Le Groupe d’études  et de  recherches sur les migrations (Germ), de  l’Université Gaston Berger de Saint-Louis a tenu, samedi 19 décembre a Madrid, la capitale espagnole, une journée d’échanges sur la protection des femmes immigrées sénégalaises. L’acte qui a eu pour cadre le centre Hispano Africano de Madrid, a vu la participation d’un public diversifié et très passionné des questions migratoires.  A la fin des travaux, le docteur en sociologie Aly Tandian, coordonnateur du Germ  est revenu avec Le Quotidien sur certaines conclusions de son enquête. Et c’est surtout pour constater l’absence de convention entre le Sénégal et l’Espagne en matière de protection sociale, avant de qualifier de sombre l’avenir des emigrés sénégalais en Espagne du fait de la crise économique qui y sévit depuis plus de deux ans et dont on ne sait pas quand est ce qu’elle prendra fin.

 

ImageLe Germ dont vous êtes le coordonnateur vient de présenter les résultats de ses premières recherches sur les femmes immigrées sénégalaises en Espagne. Pourquoi le choix de l’Espagne ?
Le Groupe d’études et de recherches sur les migrations (Germ et faits de sociétés) est une équipe de l’Université Gaston Berger de Saint-Louis avec des chercheurs et collaborateurs scientifiques qui sont au Sénégal, en France, en Espagne, en Belgique, aux Usa, etc. Il a engagé avec l’appui du Crdi une recherche sur les femmes migrantes sénégalaises qui sont en Espagne et qui évoluent dans des secteurs particuliers et les activités agricoles. Faut-il le rappeler, peu de connaissances sont disponibles sur l’intégration des migrantes sénégalaises sur le marché du travail en Espagne, sous toutes ses composantes y compris les activités non légalisées, avec une emphase sur la protection sociale des travailleuses dans des secteurs tels que l’agriculture, les services particuliers où elles semblent être exposées à des risques multiples. Avec la recherche que nous venons d’engager nous espérons contribuer à l’intelligibilité des flux migratoires féminins en Espagne, un pays qui a récemment attiré les populations sénégalaises mais en termes d’effectif, les statistiques nous signalent une forte présence des Sénégalais de façon générale. Avec les cayucos, l’envoi de plusieurs centaines de femmes dans le cadre d’une migration concertée entre le Sénégal et l’Espagne et d’autres formes d’arrivées ou de départs, il me semble important de porter un regard scientifique sur ce pays.

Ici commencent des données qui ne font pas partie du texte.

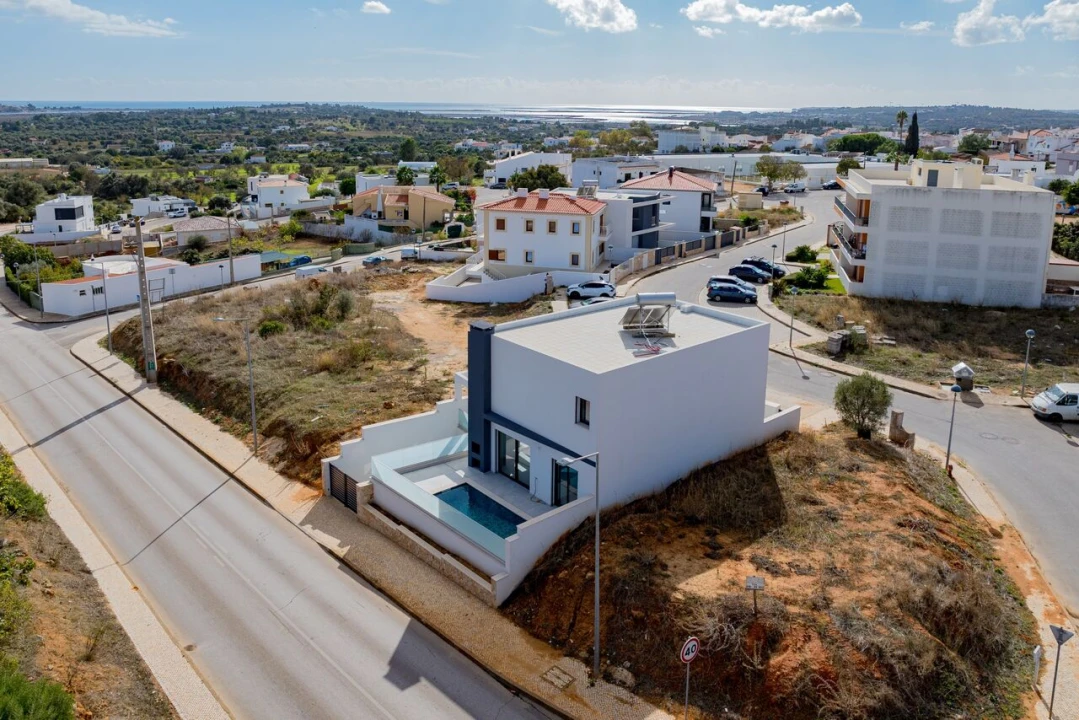 Moradia T3 para Venda em Mexilhoeira Grande Foto 7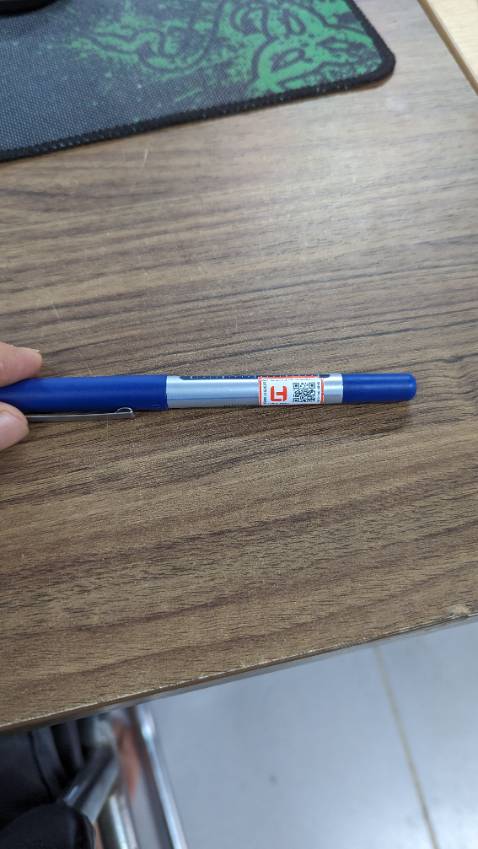 Một người già bề ngoài khó tính, từ khi vợ ông mất đi, ông chỉ muốn chết. Từ tuổi thơ khó khăn, đến khi lập gia đình cũng là người khó gần, thật thà và chỉ biết có công việc. Ông rất chiwwuf bà nên sự ra đi của bà cũng làm cho cs ông như kêta thúc. Ông chỉ muoona chêta quách cho xong, nhưng lần nào xũng vậy ông lại bị cản trở sự chết, và ông lại phải đi giúp đỡ hàng xóm. Có 1 chút nhẹ nhàng cho ta cảm thông với cuộc sống người khác, nhất là với người già.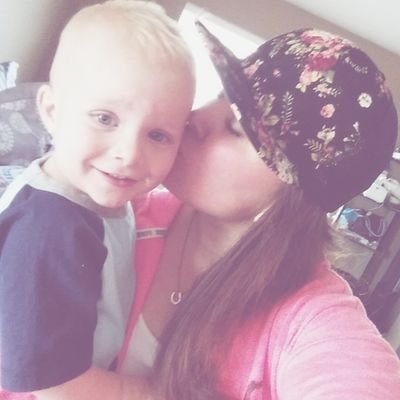 kenziebunkall's profile picture. 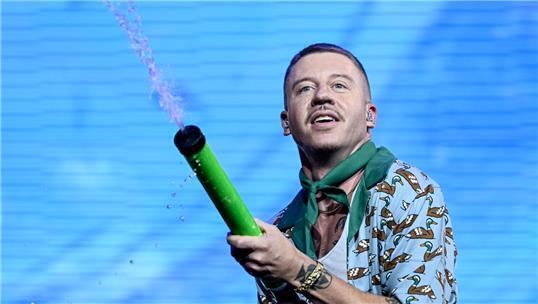 US-Rapper Macklemore zog bei Konzert über Deutschland her - Tageblatt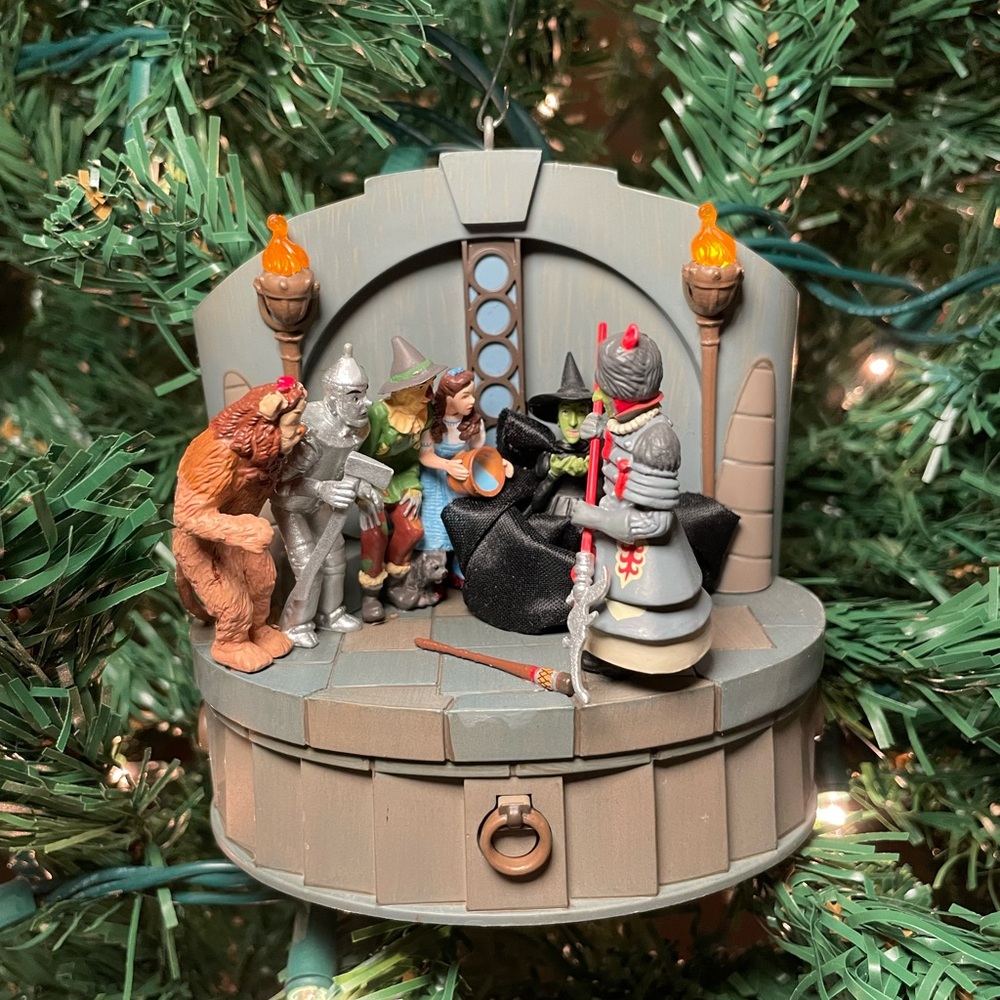 Hallmark Keepsake “I'm Melting! Melting!” Wizard of Oz Ornament - Picture 3 of 12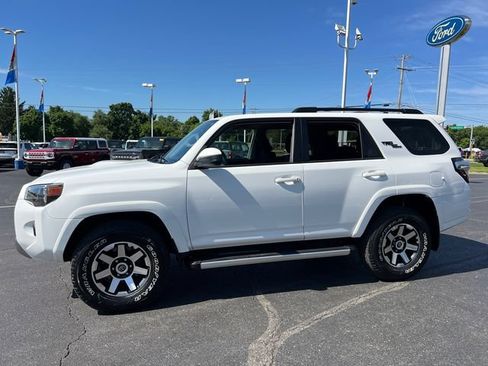 Used 2023 Toyota 4Runner TRD Off-Road AWD/4WD image 3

Est ce qu’on peut avoir les villes ciblées et l’échantillon choisi pour mener votre investigation ?
Cette recherche se réalise dans plusieurs villes d’Espagne : Catalogne, Madrid, Valencia, Andalucía, Huelva et Murcia. Elle envisage d’apporter une lecture exhaustive de la migration féminine sénégalaise en Espagne, c’est ce qui explique des investissements empiriques dans ces localités. A ce jour des enquêtes ont été réalisées en Catalogne, Madrid, Valencia et Huelva. D’autres vont se faire dans d’autres villes pour compléter. Les recherches sur les migrations soulèvent divers problèmes dans la constitution des échantillons. La population qui nous intéresse dans le cadre de cette recherche est dispersée à travers plusieurs régions espagnoles. Ainsi, l’appréhension de la population à enquêter va s’effectuer selon la méthode dite «boule de neige». Nous jugeons nécessaire d’adapter cette méthode pour différentes raisons. De par ses caractéristiques, elle va nous rendre possible l’exploration d’une diversité de situations tout en nous permettant d’atteindre des phénomènes fort importants mais souvent cachés.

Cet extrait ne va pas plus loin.